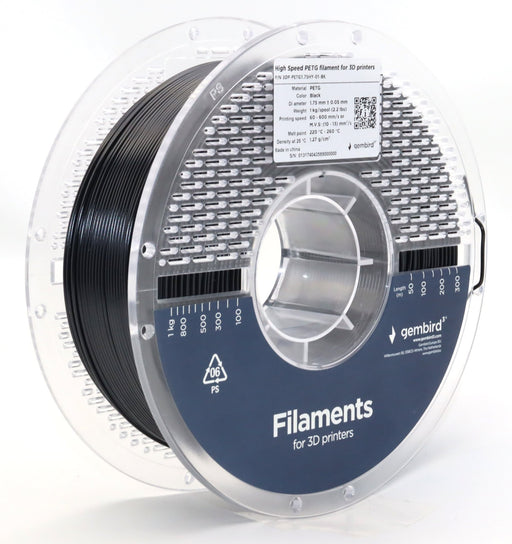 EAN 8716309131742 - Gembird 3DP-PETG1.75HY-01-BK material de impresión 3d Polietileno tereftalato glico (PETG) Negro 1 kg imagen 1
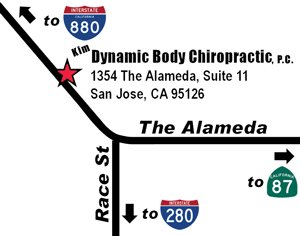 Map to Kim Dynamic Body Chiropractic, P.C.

● ● ● ● ●

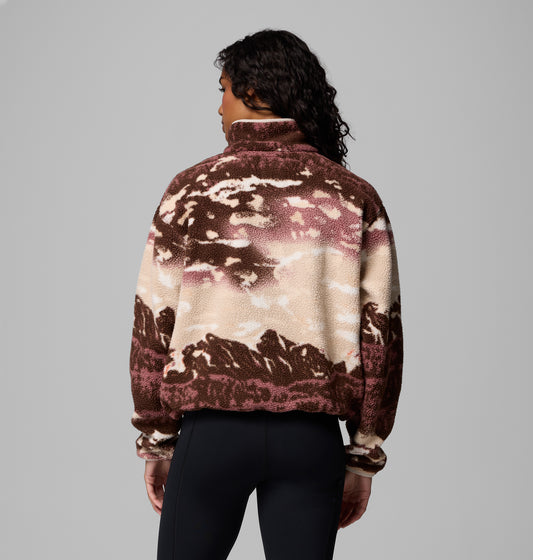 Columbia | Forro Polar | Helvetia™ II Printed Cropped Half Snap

● ● ● ● ●

#### [THE TASK]
In the data above, start at the line holding "EAN 8716309131742 - Gembird" and stop after the line holding "Map to Kim Dynamic Body Chiropractic, P.C."; write out those lines exactly, without pictures.

#### [ANSWER FOR THIS EXERCISE]
 EAN 8716309131742 - Gembird 3DP-PETG1.75HY-01-BK material de impresión 3d Polietileno tereftalato glico (PETG) Negro 1 kg imagen 1
 Map to Kim Dynamic Body Chiropractic, P.C.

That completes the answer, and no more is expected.